Spring rain and turkey-love

azalea_white_wet.jpg

It rained last night, pretty heavily at times. This morning, the winds came with the rain, whoosh for quite a while. Small branches fell and we heard some ominous sounds from afar—thankfully for the afar part. I went out to photography the white azalea that’s in full bloom and found the branches droopy under a heavy load of precip.

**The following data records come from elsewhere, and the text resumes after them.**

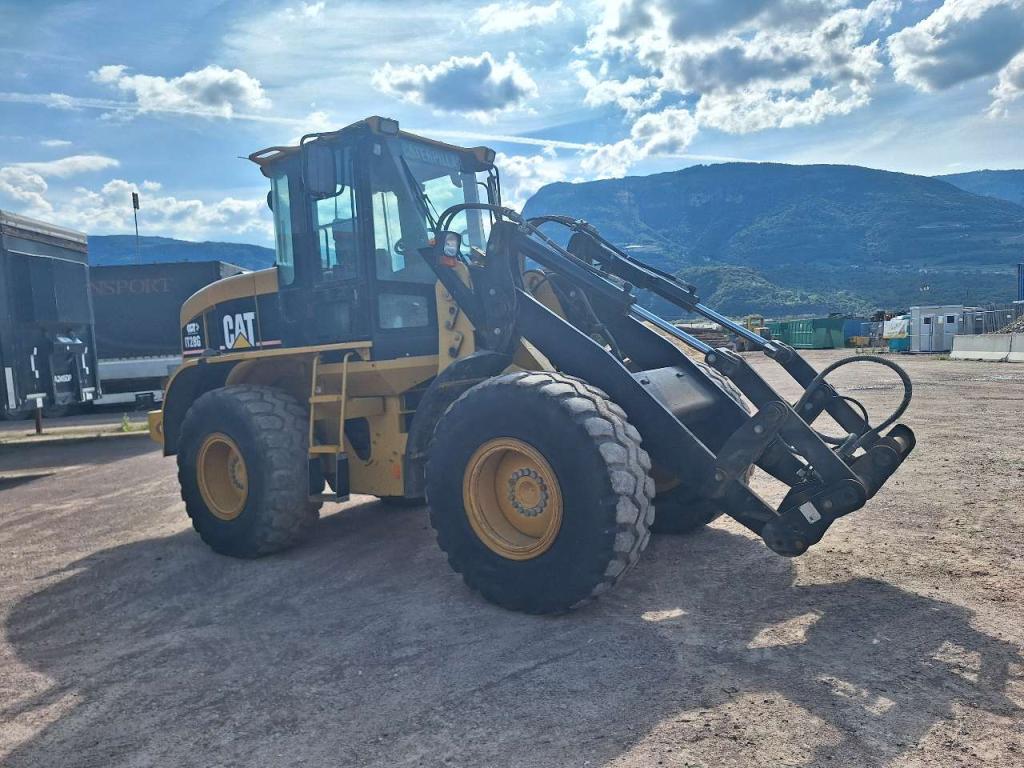Caterpillar IT 28 G Photo 9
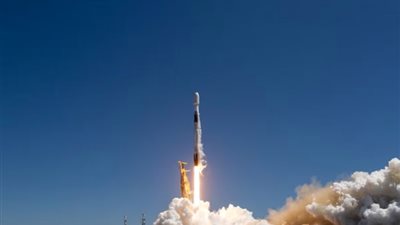 الإمارات.. إطلاق أول أقمار البرنامج الفضائي لرصد الأرض
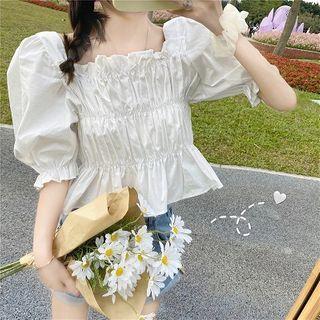 Lettuce Edge Puff-sleeve Blouse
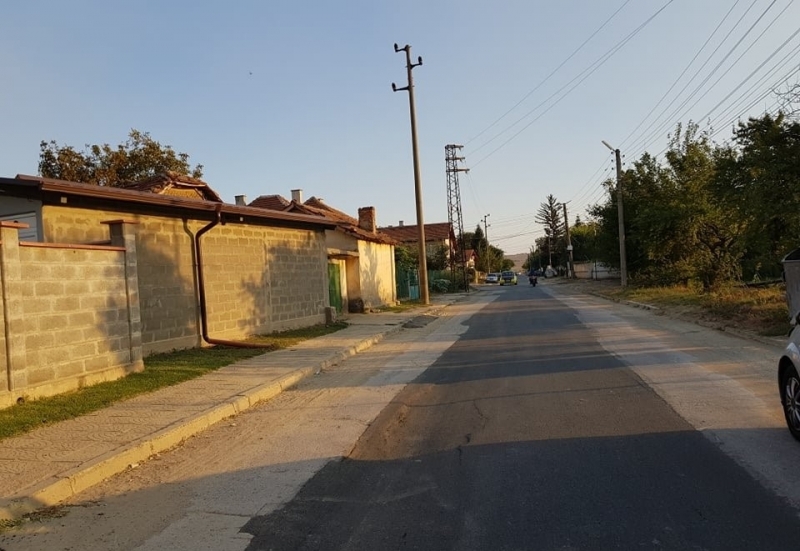 Пътят към гробищния парк в Козлодуй пропадна заради некачествен ремонт /снимки/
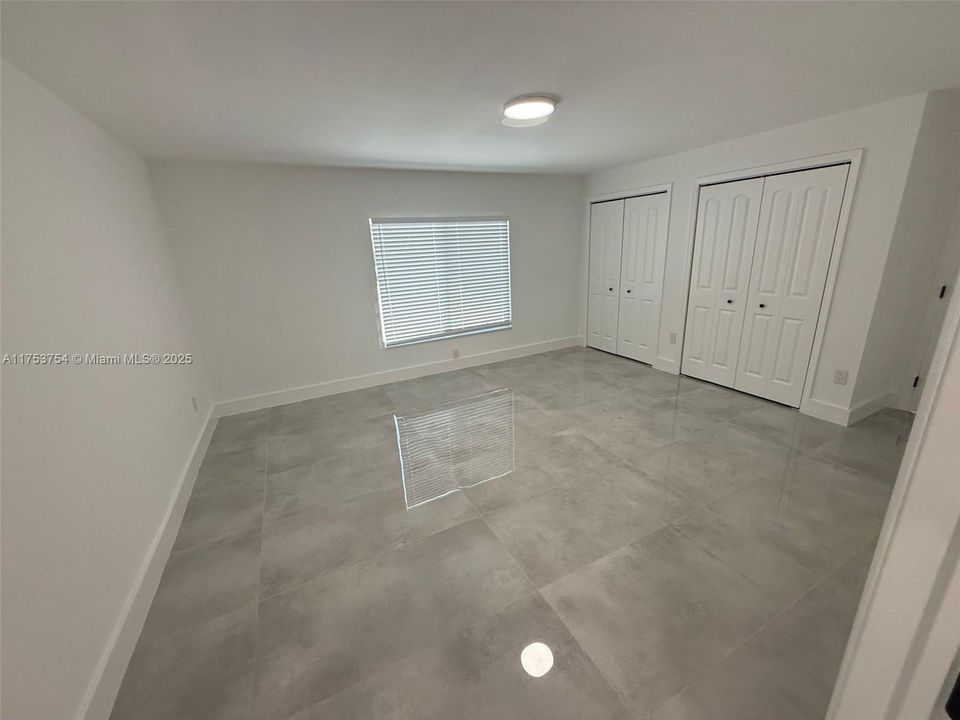 Recientemente alquilado: $4,600 (5 camas, 2 baños, 1931 Pies cuadrados)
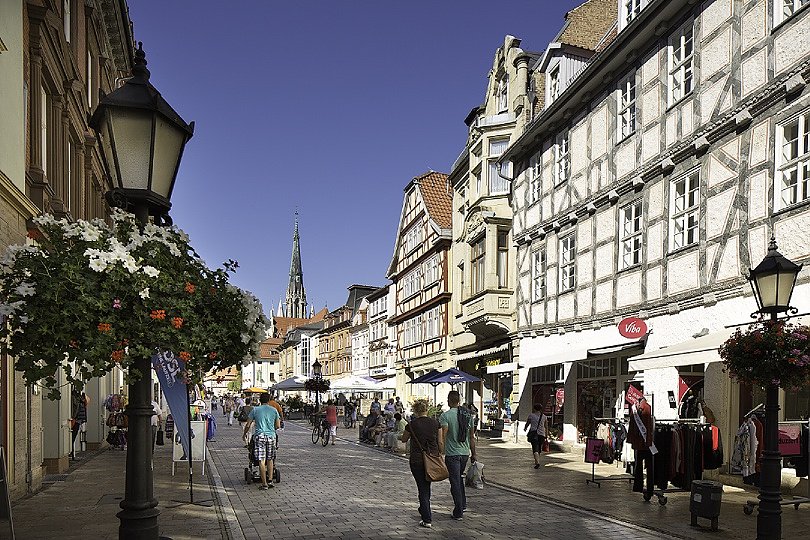 Einkaufsstraße Steinweg in Mühlhausen (Foto: Tino Sieland © Stadt Mühlhausen)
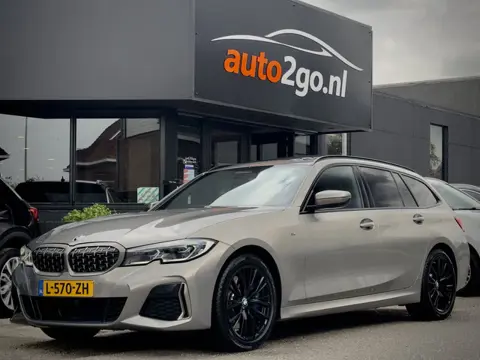 BMW 3 Serie Touring M340i AUT8 M-PERFORMANCE 374PK X-DRIVE PANODAK DESIGNO-LEDER DIGI-DASH APPLE-CAR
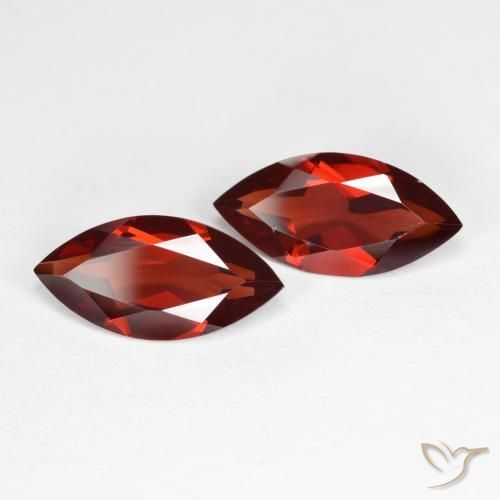 Pedras preciosas de Granada Piropo vermelho médio natural de 3.32 ct, Marquesa, VS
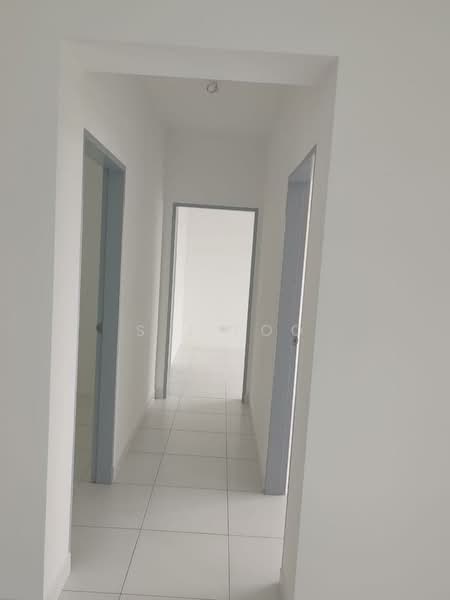 Kondominium untuk Dijual di The Terraces Condominium - S J Foo - Corridor - PropertyGuru.com.my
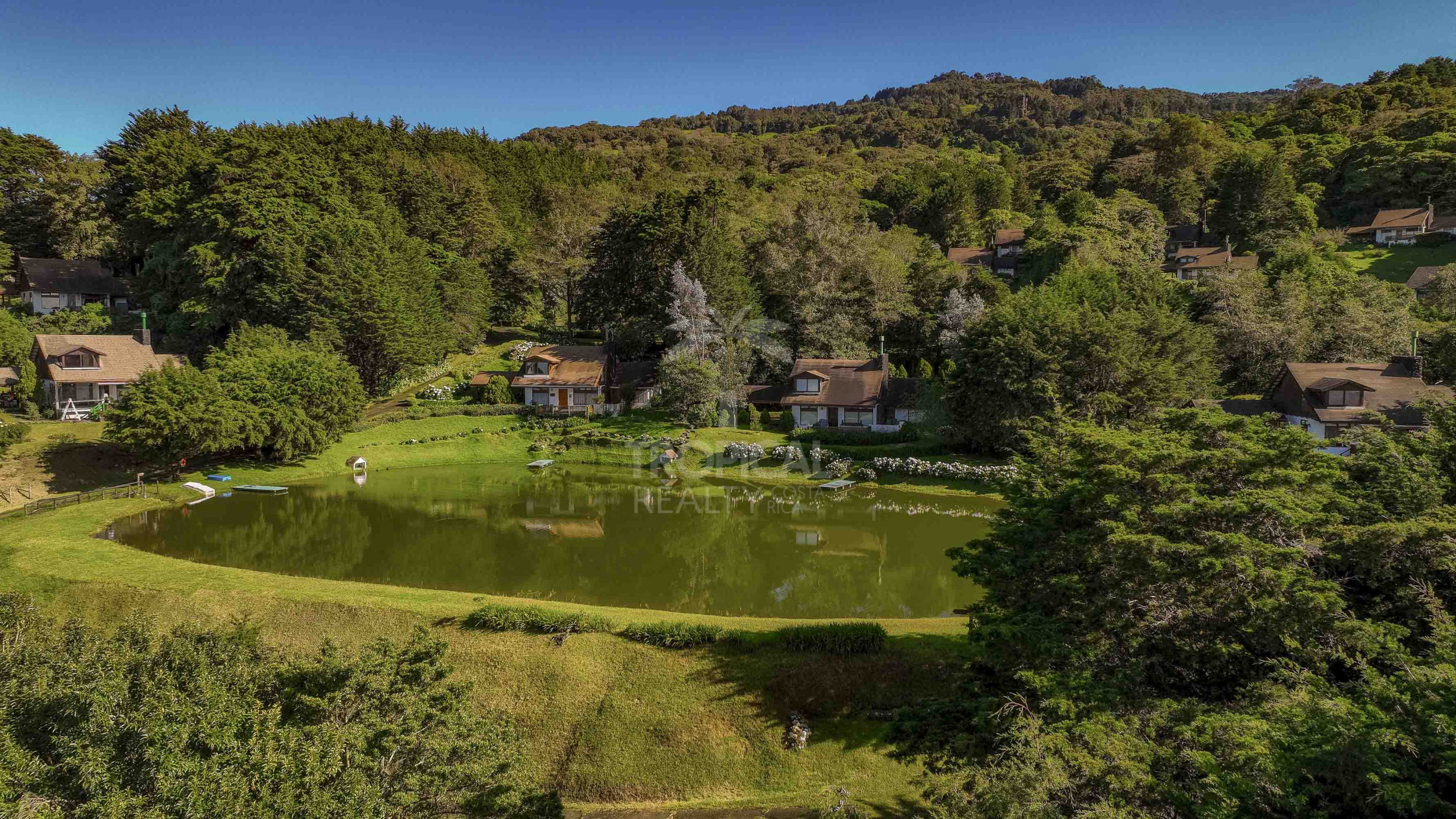 Alpine-Inspired Mountain Retreat in Monte Lagos, Heredia – A Nature Lover’s Paradise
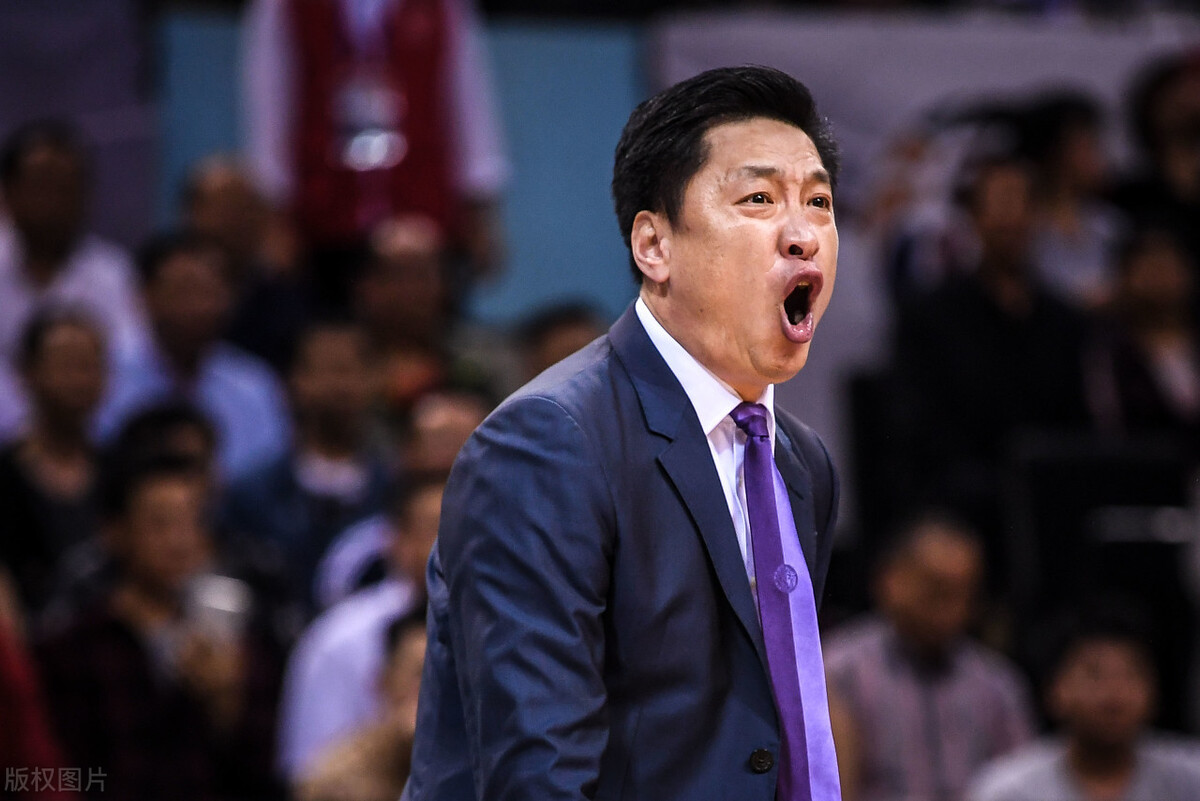 cba裁判判罚合理受尊重场面,cba裁判的硬气时刻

To get away from the roof and diminish the scary wind noises, I did some reading downstairs during the w-o-r-s-t of it, and came across the following in Barbara Kingsolver’s Animal, Vegetable Miracle: A Year of Food Life (2007). Here’s the setup. Spring is coming, and the turkeys that weren’t sacrificed for Thanksgiving and other feasts—meaning the hens—begin to experience the springtime tide of rising hormones, but BK doesn’t understand that that’s what’s going on with the hen with droopy wings. She finally figures it out and hies off to the internet and the library for the animal husbandry information she needs, and which didn’t arrive with her two-day-old chicks the spring before. Since most modern US turkeys come into the world via artificial means, hatch under heat lamps, and are sacrificed before they reach their own springtimes, appropriate council, she discovered, is…rare. She finally digs up a fifty-year old agricultural self-help book and gets some advice (p. 322):

I had more than just sentimental reasons for wanting to see my turkey hens brood and hatch their own babies, however unlikely that might be. I plowed on through my antique reference for more details on nesting and brooding, and what I might do to be a helpful midwife, other than boiling water or putting a knife under the bed. My new turkey-sex manual got better and better. “Male turkeys,” I read, “can be forced to broodiness by first being made drowsy, e.g., by an ample dose of brandy, and then being put on a nest with eggs. After recovery from the hangover, broodiness is established. This method was used extensively by farmers in Europe before incubators were available.”

Got it?

One comment

  1. Pooh says:

    Candy is dandy, but liquor is quicker!